But difficult years lay ahead. Matthew Wilson soon accepted a call to Sussex County, where he was ordained pastor of the Presbyterian churches at Lewes and Cool Spring in 1755.40 Just what happened to McDowell’s school after Wilson’s departure is not clear. It may have been closed for a period. It may have been open and run by a succession of hired tutors. The one thing that is clear is that this academy lost its official standing as the synod’s school in 1755 because in that year the minutes of the synod show that its support was transferred to a school run by the Reverend Sampson Smith, at Chestnut Level, in Lancaster County, Pennsylvania.41 This is also the year when the College of Philadelphia opened, and though it was officially nonsectarian–the only nonsectarian college in the English colonies–since Alison was its vice-provost the Presbyterians expected to be able to exert some influence here.

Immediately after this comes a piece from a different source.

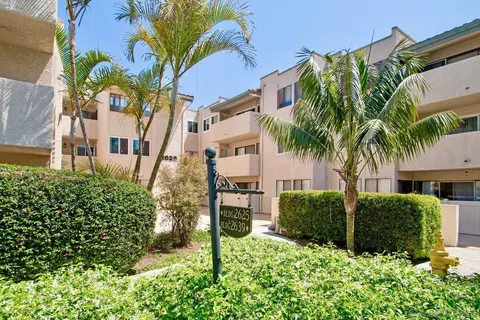 2625 Pirineos Way #219, Carlsbad, CA 92009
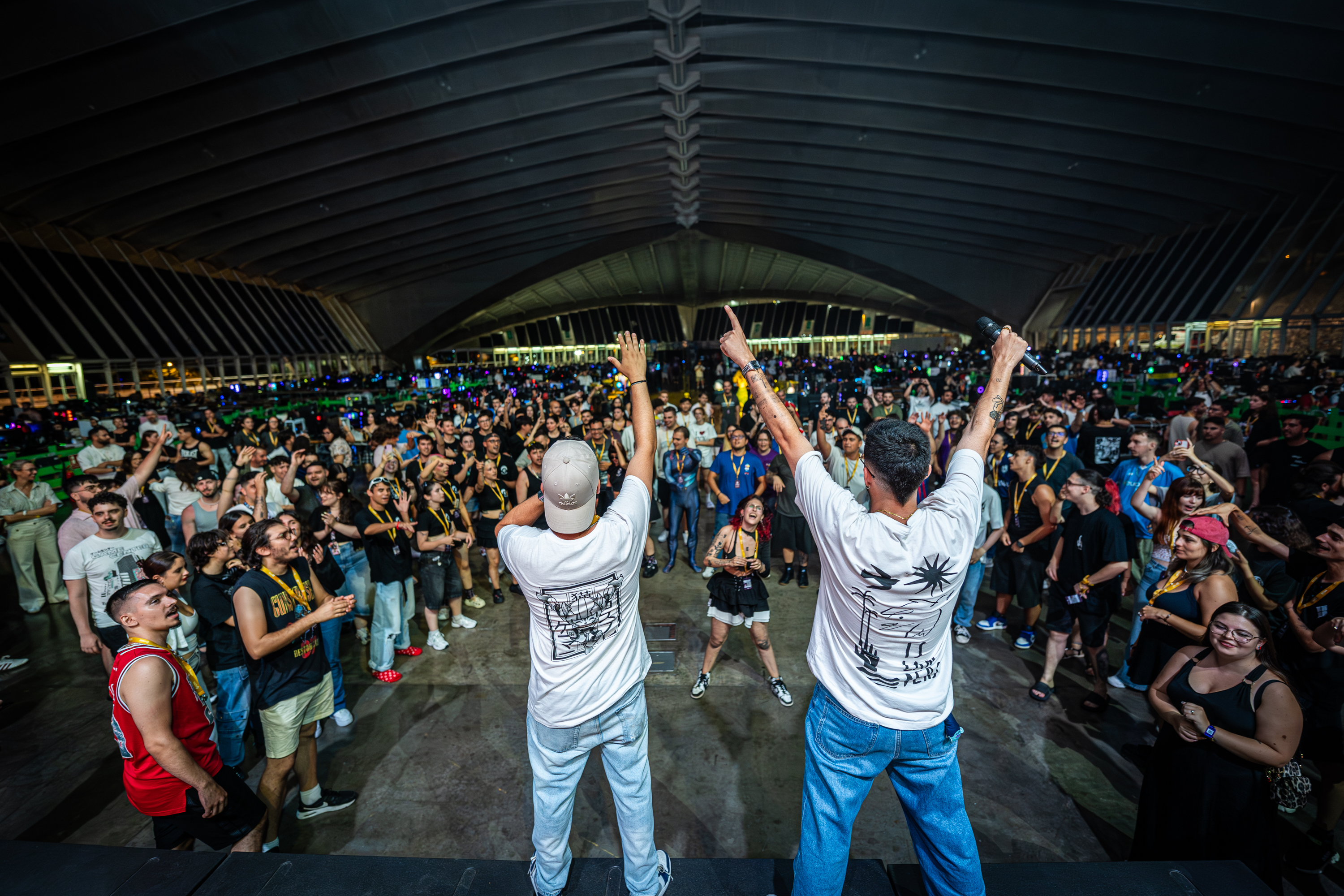 Equipo de Nakatomi planificando servicios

Diversion of synodical support from McDowell’s school was motivated partly by the opportunity to use some funds set up for teaching Pennsylvania German boys both English and the classical languages. Perhaps McDowell had little interest in such a pedagogical challenge; at any rate Lancaster County was a more likely place to recruit German students than the New London- Lewisville-Newark area.

After losing its status as the synodical academy in 1755, another important development occurred in the history of McDowell’s school within the next ten years–a change of location from near Lewisville to Newark.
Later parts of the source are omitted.